── INFORMATION SHOWN

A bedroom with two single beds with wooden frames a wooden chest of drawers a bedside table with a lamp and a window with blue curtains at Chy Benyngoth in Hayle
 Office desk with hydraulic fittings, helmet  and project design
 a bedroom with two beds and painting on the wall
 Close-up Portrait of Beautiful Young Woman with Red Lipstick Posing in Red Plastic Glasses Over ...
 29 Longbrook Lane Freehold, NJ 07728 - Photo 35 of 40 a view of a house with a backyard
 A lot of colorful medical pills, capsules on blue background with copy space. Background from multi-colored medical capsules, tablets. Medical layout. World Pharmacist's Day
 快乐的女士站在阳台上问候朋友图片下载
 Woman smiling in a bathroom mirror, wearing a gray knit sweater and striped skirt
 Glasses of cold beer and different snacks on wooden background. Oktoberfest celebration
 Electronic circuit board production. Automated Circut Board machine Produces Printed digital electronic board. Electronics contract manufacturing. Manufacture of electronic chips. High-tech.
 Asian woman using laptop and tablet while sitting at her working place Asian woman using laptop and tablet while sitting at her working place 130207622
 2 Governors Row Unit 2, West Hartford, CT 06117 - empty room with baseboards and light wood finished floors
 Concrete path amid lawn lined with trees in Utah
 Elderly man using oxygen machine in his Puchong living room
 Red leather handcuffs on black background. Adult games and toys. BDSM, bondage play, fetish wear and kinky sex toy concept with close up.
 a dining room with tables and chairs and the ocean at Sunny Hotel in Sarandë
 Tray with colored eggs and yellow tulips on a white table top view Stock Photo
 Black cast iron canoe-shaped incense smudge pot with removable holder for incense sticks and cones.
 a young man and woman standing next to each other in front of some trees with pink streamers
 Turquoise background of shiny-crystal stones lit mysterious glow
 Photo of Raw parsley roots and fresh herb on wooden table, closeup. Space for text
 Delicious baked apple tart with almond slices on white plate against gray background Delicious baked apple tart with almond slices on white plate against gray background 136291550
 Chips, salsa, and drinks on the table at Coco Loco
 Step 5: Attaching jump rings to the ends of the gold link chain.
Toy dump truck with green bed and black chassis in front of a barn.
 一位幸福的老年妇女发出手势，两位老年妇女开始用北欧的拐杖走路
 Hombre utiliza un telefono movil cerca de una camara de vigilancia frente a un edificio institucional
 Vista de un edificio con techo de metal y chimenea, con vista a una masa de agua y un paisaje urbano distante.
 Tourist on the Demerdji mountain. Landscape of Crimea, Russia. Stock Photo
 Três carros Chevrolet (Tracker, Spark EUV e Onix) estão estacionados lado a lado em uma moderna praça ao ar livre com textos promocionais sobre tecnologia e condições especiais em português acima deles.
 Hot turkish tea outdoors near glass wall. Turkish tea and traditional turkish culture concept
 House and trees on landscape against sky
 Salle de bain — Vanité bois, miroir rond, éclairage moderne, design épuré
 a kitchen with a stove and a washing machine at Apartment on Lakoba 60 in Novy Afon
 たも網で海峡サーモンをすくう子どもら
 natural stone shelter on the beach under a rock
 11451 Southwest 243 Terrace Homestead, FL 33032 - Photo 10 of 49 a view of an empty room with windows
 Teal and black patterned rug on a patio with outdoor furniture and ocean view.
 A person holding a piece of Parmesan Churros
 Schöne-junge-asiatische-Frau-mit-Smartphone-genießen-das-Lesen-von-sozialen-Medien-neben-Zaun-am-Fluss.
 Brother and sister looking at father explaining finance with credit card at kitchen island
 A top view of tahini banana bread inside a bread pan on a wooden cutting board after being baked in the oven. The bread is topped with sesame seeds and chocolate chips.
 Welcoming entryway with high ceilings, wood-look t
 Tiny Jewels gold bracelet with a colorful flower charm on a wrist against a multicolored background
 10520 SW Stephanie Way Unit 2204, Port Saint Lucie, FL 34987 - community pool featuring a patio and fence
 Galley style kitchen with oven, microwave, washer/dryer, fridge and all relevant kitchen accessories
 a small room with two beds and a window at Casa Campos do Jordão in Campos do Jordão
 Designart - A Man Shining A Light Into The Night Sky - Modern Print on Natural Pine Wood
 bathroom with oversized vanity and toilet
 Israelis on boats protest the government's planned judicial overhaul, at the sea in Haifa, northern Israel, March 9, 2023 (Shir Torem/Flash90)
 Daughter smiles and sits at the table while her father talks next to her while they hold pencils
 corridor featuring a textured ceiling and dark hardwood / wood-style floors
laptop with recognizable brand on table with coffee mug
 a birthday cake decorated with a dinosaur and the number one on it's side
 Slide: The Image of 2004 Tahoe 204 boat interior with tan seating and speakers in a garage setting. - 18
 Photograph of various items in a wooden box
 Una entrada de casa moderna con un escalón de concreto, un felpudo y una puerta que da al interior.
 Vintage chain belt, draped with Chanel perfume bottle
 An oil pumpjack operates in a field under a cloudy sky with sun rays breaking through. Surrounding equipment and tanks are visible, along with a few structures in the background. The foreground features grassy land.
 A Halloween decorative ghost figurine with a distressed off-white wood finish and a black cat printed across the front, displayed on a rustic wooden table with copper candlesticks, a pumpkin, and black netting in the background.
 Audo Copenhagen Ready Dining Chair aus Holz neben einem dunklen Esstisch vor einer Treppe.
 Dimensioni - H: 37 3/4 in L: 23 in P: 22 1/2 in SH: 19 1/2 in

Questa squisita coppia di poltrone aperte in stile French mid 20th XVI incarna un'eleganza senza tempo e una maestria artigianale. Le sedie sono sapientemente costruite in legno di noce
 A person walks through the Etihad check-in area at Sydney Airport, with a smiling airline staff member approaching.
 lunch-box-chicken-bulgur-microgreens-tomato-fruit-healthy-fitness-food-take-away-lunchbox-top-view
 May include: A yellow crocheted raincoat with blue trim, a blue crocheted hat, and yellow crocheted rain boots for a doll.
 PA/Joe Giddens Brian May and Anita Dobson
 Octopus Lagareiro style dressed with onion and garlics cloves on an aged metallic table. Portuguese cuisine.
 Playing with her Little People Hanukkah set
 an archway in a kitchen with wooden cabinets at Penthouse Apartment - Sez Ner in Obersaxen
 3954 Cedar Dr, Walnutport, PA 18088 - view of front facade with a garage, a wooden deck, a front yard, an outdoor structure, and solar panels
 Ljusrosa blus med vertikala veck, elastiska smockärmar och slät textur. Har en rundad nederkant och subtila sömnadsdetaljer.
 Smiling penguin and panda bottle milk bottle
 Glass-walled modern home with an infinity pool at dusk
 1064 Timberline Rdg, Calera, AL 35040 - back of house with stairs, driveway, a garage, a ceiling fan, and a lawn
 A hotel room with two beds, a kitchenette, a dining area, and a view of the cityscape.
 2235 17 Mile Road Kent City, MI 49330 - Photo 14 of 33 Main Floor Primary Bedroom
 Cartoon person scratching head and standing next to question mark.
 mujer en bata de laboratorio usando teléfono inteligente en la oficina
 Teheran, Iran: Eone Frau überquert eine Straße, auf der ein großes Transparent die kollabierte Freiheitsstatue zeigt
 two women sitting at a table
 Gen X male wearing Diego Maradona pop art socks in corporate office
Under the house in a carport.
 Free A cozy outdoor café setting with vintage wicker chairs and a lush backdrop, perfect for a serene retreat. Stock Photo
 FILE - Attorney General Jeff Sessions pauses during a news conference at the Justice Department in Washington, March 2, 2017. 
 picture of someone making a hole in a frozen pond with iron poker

────

▶ **TASK PROMPT**:
Scanning the data above, copy out every line where "baked" is found.

▶ **RESULT**:
 Delicious baked apple tart with almond slices on white plate against gray background Delicious baked apple tart with almond slices on white plate against gray background 136291550
 A top view of tahini banana bread inside a bread pan on a wooden cutting board after being baked in the oven. The bread is topped with sesame seeds and chocolate chips.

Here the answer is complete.